WHAT IS BEING ASKED: Please output the data exactly, without omitting anything.

DATA BLOCK:
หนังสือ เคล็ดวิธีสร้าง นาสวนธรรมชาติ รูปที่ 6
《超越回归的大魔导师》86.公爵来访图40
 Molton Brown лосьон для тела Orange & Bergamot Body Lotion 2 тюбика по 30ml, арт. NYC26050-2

YOUR SOLUTION:
หนังสือ เคล็ดวิธีสร้าง นาสวนธรรมชาติ รูปที่ 6
《超越回归的大魔导师》86.公爵来访图40
 Molton Brown лосьон для тела Orange & Bergamot Body Lotion 2 тюбика по 30ml, арт. NYC26050-2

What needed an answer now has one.